• WHAT TO DO: Go through the material and pull out every line with the string "Photo" in it.
*** Opening of AVAILABLE RECORDS ***
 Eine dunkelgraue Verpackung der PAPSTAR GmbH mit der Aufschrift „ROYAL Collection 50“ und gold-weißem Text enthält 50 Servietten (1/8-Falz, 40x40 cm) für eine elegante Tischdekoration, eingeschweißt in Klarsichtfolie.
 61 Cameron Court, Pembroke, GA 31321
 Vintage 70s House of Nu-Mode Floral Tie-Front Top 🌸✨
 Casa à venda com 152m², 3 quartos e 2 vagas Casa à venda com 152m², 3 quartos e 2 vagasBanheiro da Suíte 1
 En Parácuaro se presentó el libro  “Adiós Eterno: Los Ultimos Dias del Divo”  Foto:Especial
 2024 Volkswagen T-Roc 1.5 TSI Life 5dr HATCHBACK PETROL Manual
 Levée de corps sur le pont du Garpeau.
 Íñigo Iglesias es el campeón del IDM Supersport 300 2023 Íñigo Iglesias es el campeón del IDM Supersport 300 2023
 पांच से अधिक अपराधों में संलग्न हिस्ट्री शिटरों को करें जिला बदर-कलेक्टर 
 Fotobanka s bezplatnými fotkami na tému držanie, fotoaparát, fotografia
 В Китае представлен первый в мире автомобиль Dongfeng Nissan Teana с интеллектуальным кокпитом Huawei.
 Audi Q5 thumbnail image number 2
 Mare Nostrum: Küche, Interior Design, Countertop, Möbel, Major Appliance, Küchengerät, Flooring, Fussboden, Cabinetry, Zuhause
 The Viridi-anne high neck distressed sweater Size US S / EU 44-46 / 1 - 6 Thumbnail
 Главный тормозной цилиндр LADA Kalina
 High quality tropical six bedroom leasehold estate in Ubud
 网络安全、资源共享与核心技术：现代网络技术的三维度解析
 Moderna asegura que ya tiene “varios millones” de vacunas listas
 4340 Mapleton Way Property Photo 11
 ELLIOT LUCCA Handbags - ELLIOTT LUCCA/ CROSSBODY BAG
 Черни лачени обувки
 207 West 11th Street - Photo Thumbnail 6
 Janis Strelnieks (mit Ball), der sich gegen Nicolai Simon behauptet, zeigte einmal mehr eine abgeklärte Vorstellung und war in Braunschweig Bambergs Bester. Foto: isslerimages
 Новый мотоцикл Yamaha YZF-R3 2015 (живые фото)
*** Close of AVAILABLE RECORDS ***
• EXERCISE OUTPUT:
 4340 Mapleton Way Property Photo 11
 207 West 11th Street - Photo Thumbnail 6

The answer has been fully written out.